Below is the snippet for main_worker function.
def main_worker(gpu, ngpus_per_node, args):
.....
.....
.....
for epoch in range(args.start_epoch, args.epochs):
if args.distributed:
train_sampler.set_epoch(epoch)
adjust_learning_rate(optimizer, epoch, args)
# train for one epoch
train(train_loader, model, criterion, optimizer, epoch, args)
# evaluate on validation set
acc1 = validate(val_loader, model, criterion, args)
# remember best acc@1 and save checkpoint
is_best = acc1 > best_acc1
best_acc1 = max(acc1, best_acc1)
if not args.multiprocessing_distributed or (args.multiprocessing_distributed
and args.rank % ngpus_per_node == 0):
save_checkpoint({
'epoch': epoch + 1,
'arch': args.arch,
'state_dict': model.state_dict(),
'best_acc1': best_acc1,
'optimizer' : optimizer.state_dict(),
}, is_best)
It seems that the model might still be in eval() after the first epoch.
The aux_logits will only be returned in train() mode, so make sure to activate it before the next epoch.
No, it didn’t went to eval(), its just done with the train(), before going to eval(), error thrown.
I just chaged the def train() params, set def validate() as it is. am I incorrect?
This time, there is little confusion with the fc layer. I followed the finetune tutorial (just want to run with aux_logits=True): for inception as there is only one aux_logit below snippet working fine.
elif model_name == "inception":
""" Inception v3
Be careful, expects (299,299) sized images and has auxiliary output
"""
model_ft = models.inception_v3(pretrained=use_pretrained)

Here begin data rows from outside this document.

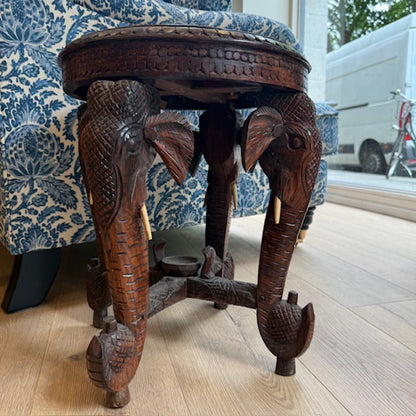 Antique Anglo Indian Elephant Stool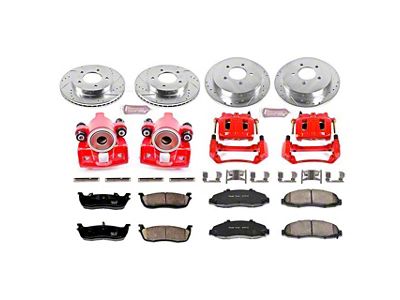 PowerStop Z23 Evolution Sport 5-Lug Brake Rotor, Pad and Caliper Kit; Front and Rear (Late 00-03 4WD F-150)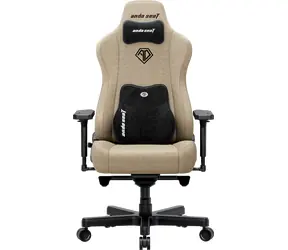 Anda Seat Kaiser 3E XL tmavo béžová / Herná stolička / Látkový poťah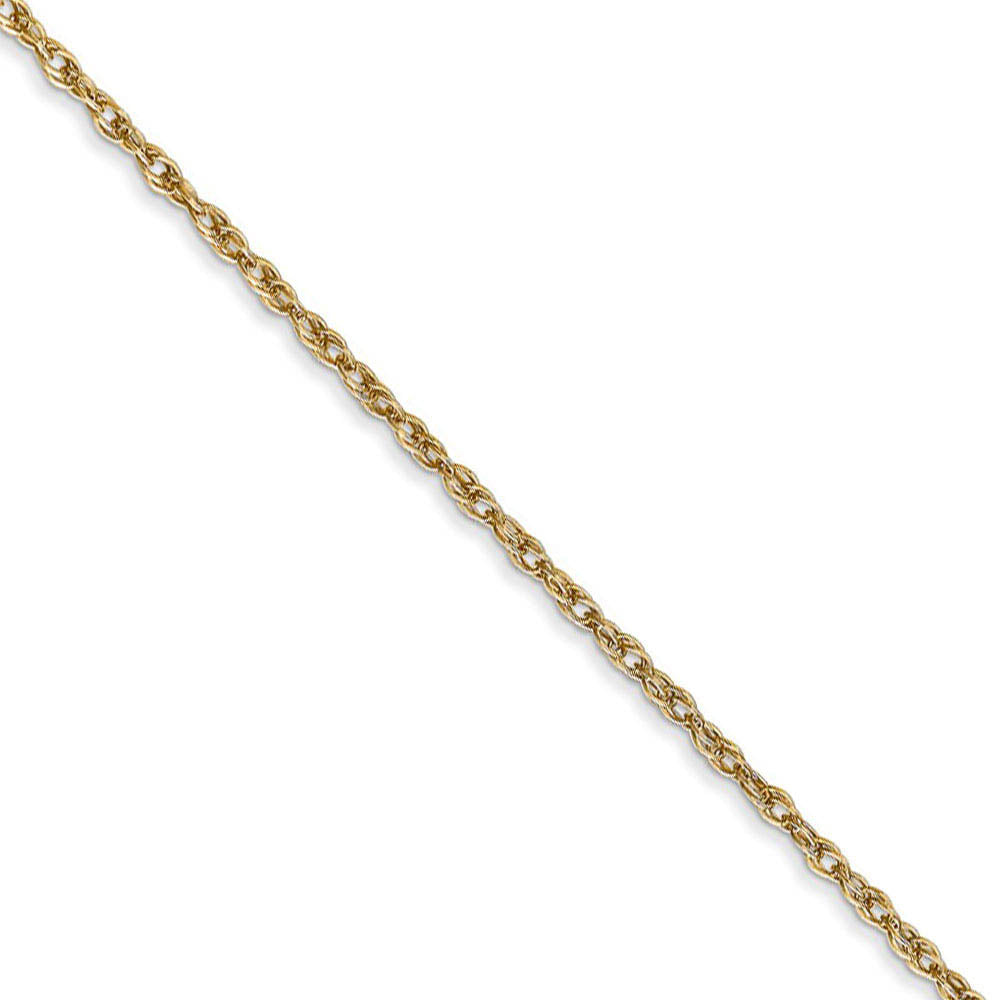 1.5mm 14k Yellow Gold Loose Rope Chain Necklace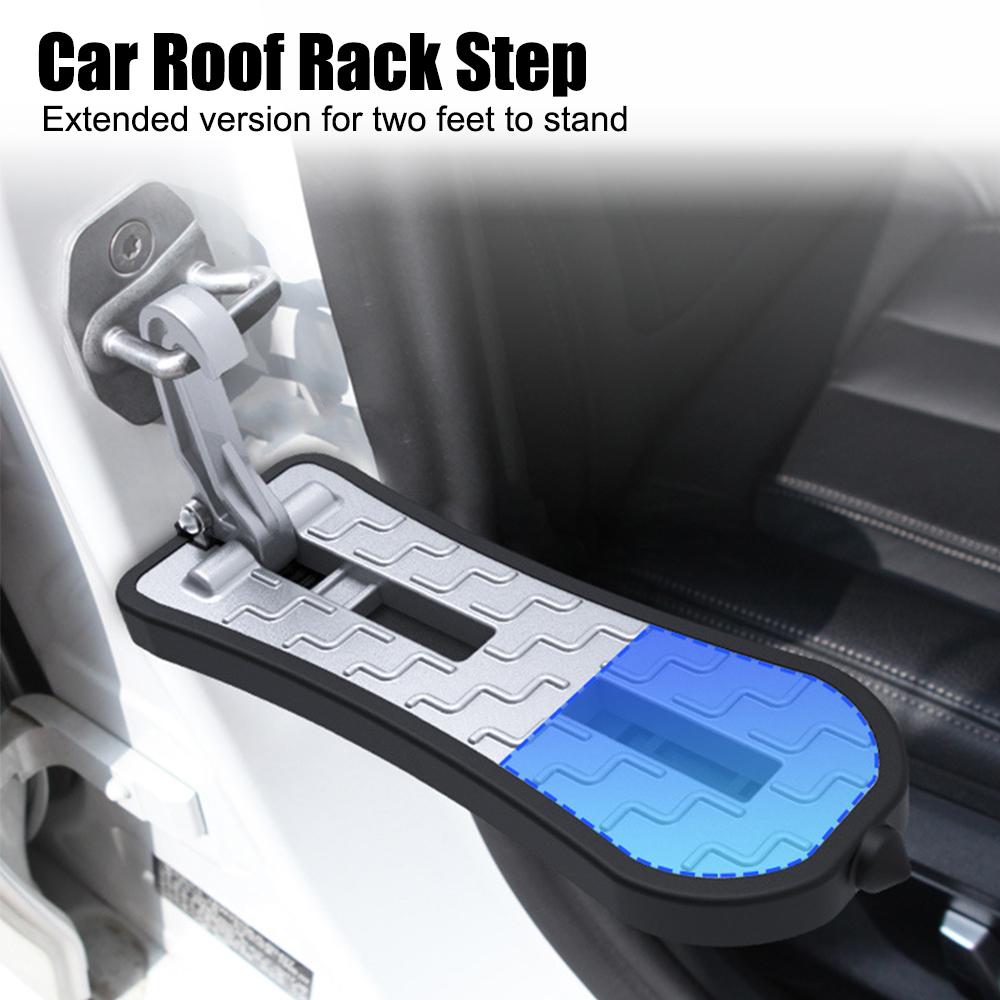 230kg Loading Pedal Foldable Auxiliary Foot Pedal Extended Car Door Step Car Roof Rack Step Pedal Emergency Breaker Latch HookGood product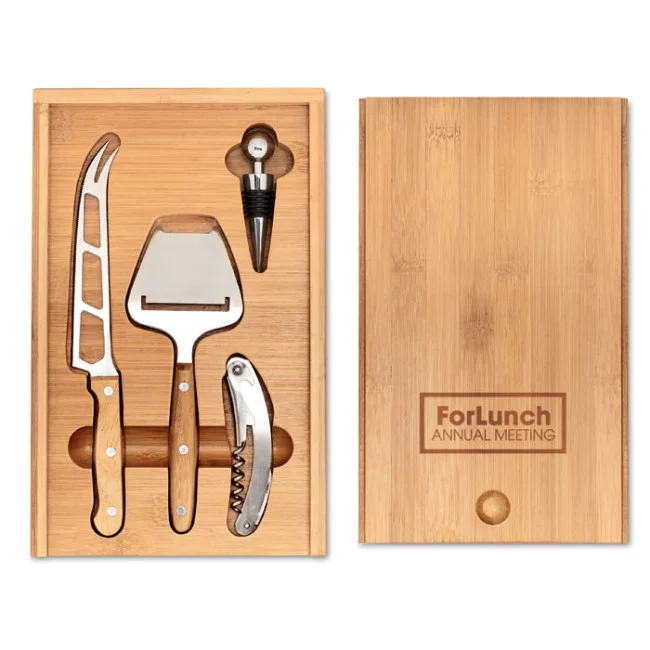 Set à fromage et vin personnalisable C&W 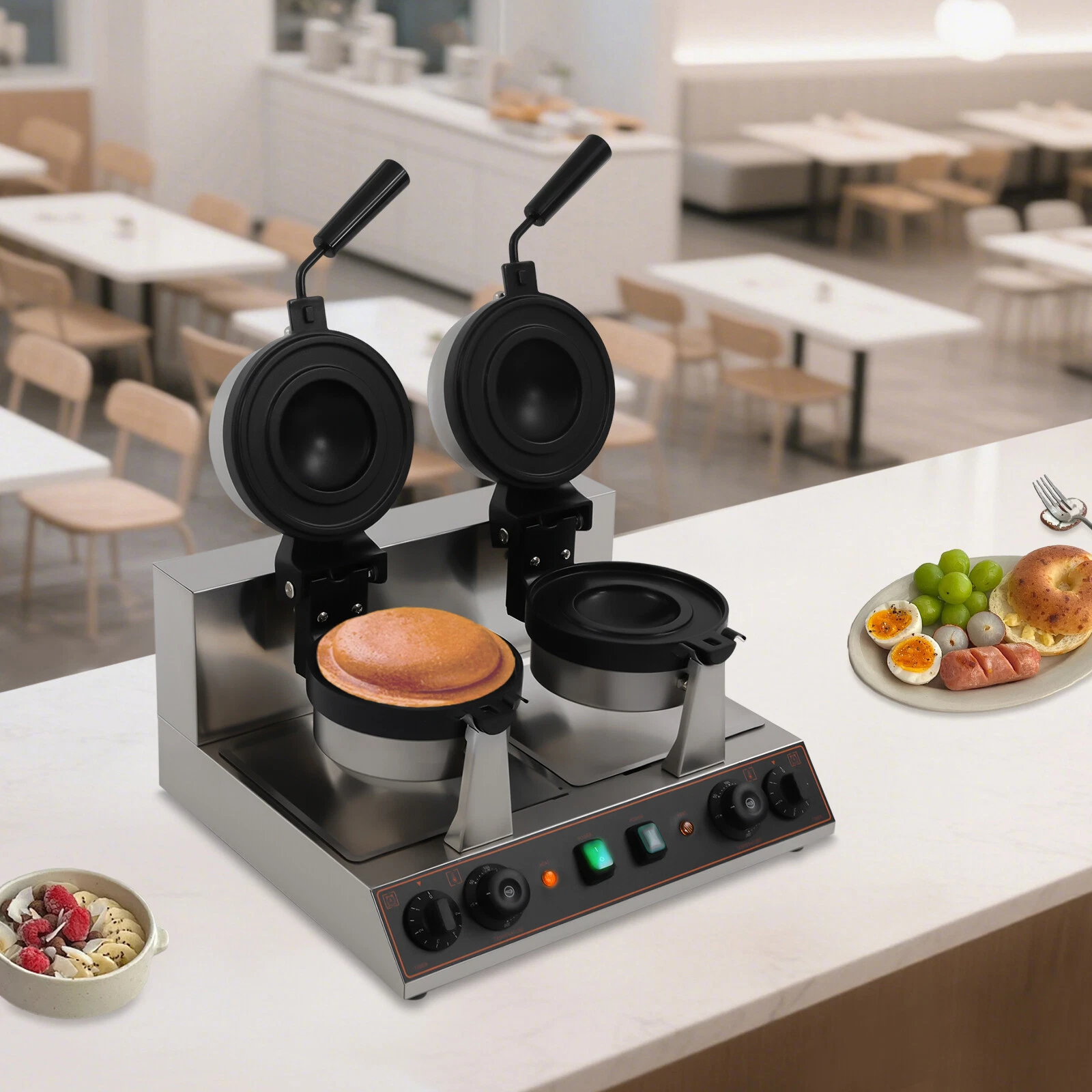 Commercial Dual Panini Press Sandwich Maker Grill Electric Burger Toaster 2.4KW
Opens in a new windo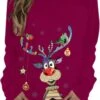 Ugly Pull De Noël Pour Femmes Fuuny Reindeer 2023, Joyeux Et Lumineux Sweat À Manches Longues Crewneck Pullover Top -Oui || N/A || pearhead 61lzRaLIrUL. AC UL1500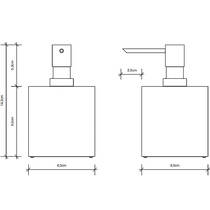 Дозатор для рідкого мила Decor Walther Corner DW 475 0825000 хром, фото №2
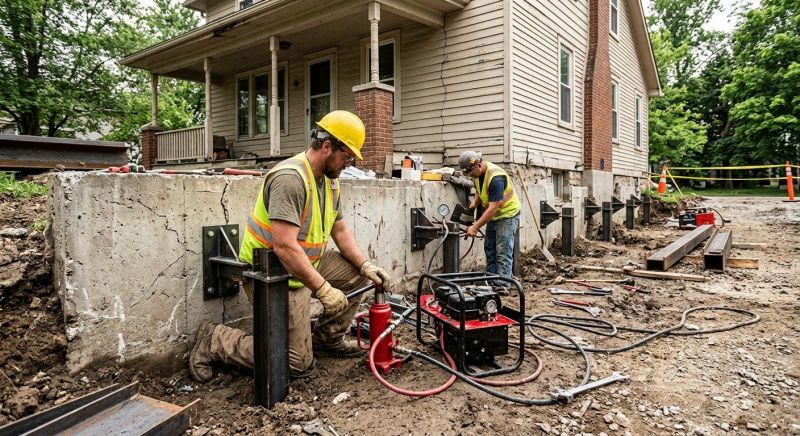 Foundation Stabilizing in Apple Valley, CA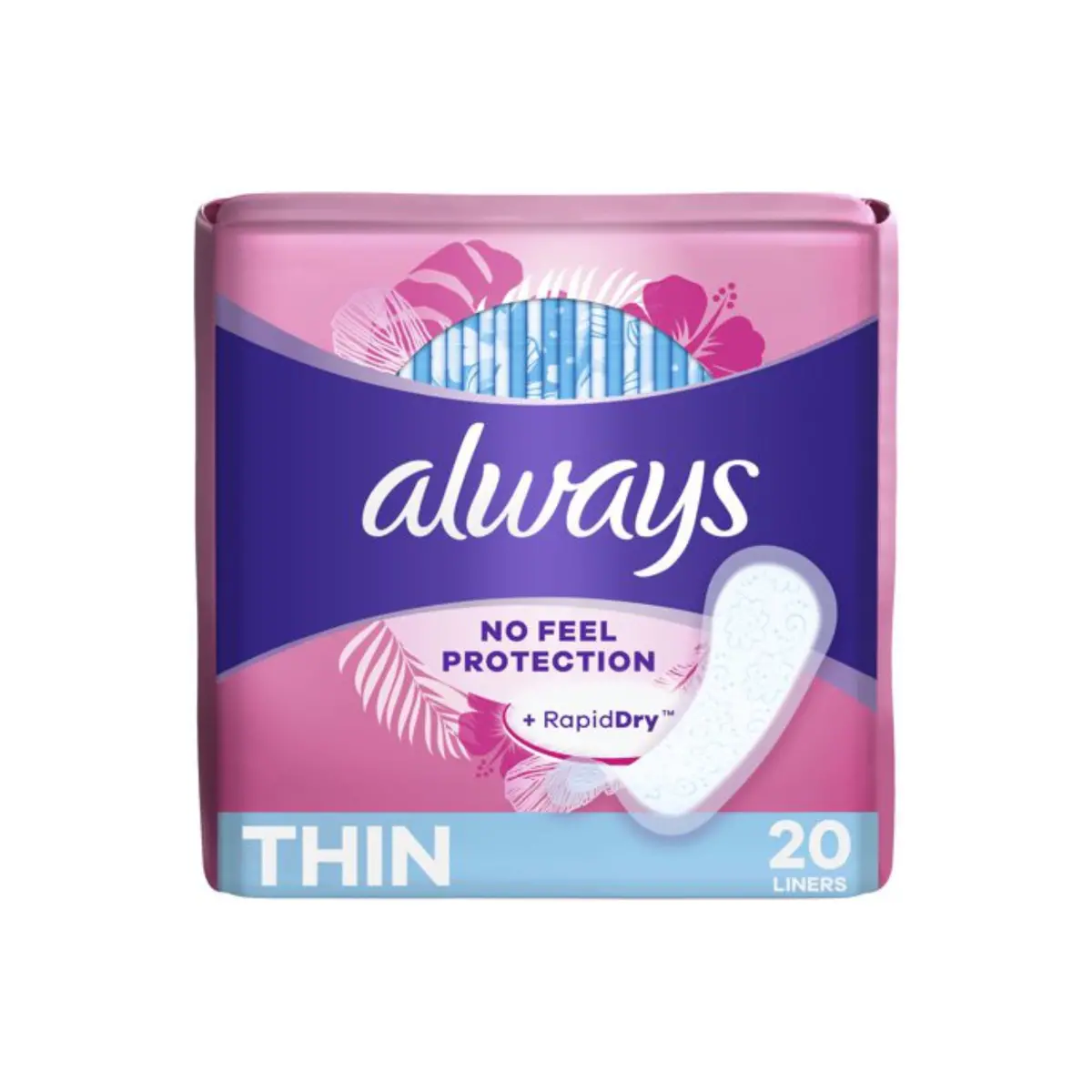 Hyg Always Thin Unscented Liners 20Ct (24) - New 1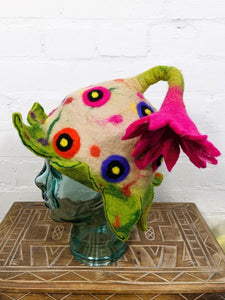 Thubelina Felt Flower Hat - with Topper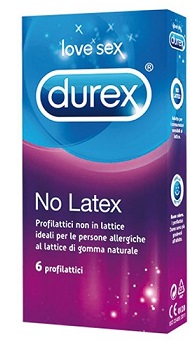 Durex No Latex 6 Profilattici Senza Lattice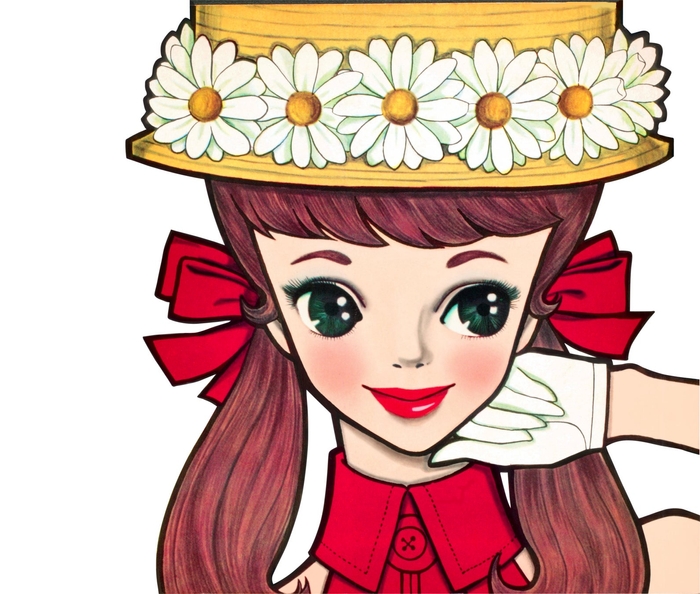 《キャノチェ》『ジュニアそれいゆ』第35号 表紙イラスト復刻原画 2017年 ⒸR.S.H／RUNE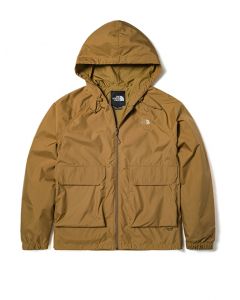 THE NORTH FACE M HERITAGE WIND HOODIE (ASIA SIZE)  -  UTILITY BROWN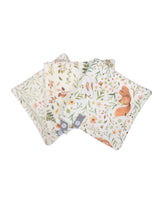 Baluchon ⚜ 53161802 Trio de lingettes pour bébé - Animaux de la forêt - Bambino par Baluchon vendu par Veille sur toi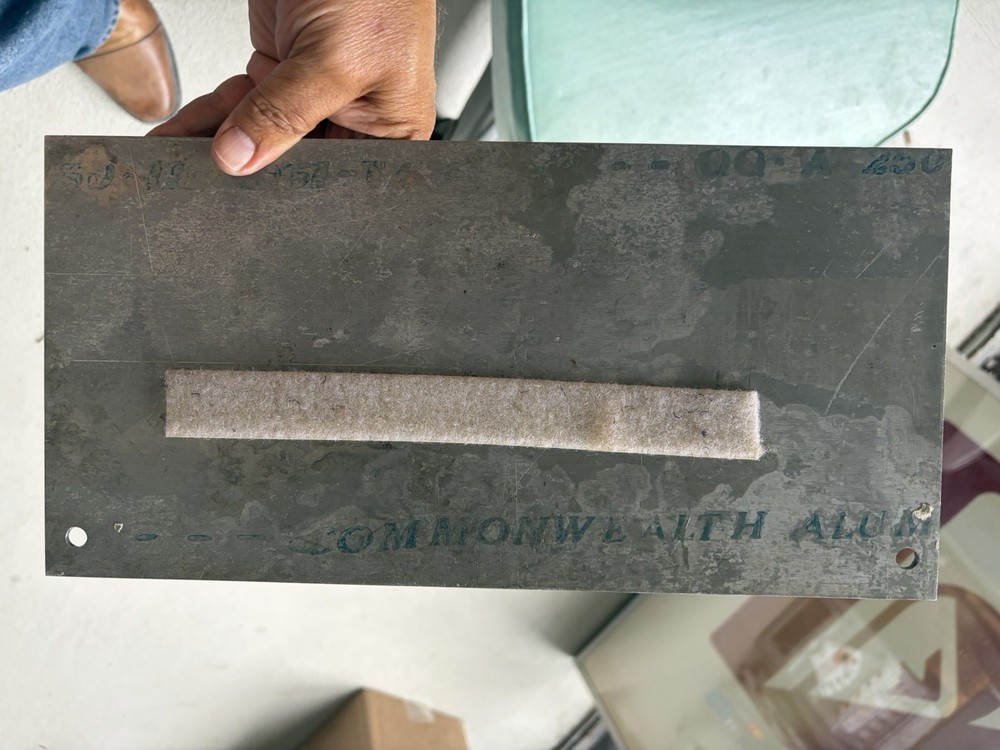 Vintage NASA Space E-7 Electrical Mechanical Construction Aluminum Panel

set_parameter_requires_grad(model_ft, feature_extract)
# Handle the auxilary net
num_ftrs = model_ft.AuxLogits.fc.in_features
model_ft.AuxLogits.fc = nn.Linear(num_ftrs, num_classes)
# Handle the primary net
num_ftrs = model_ft.fc.in_features
model_ft.fc = nn.Linear(num_ftrs,num_classes)
input_size = 299
correspoing inception_v3 net file snippet:
if self.training and self.aux_logits:
aux = self.AuxLogits(x)
and the fc snippet:
self.fc = nn.Linear(768, num_classes)
Whereas for GoogLeNet has two auxilary outputs, the net file snippet has:
if self.training and self.aux_logits:
aux1 = self.aux1(x)
.....
if self.training and self.aux_logits:
aux2 = self.aux2(x)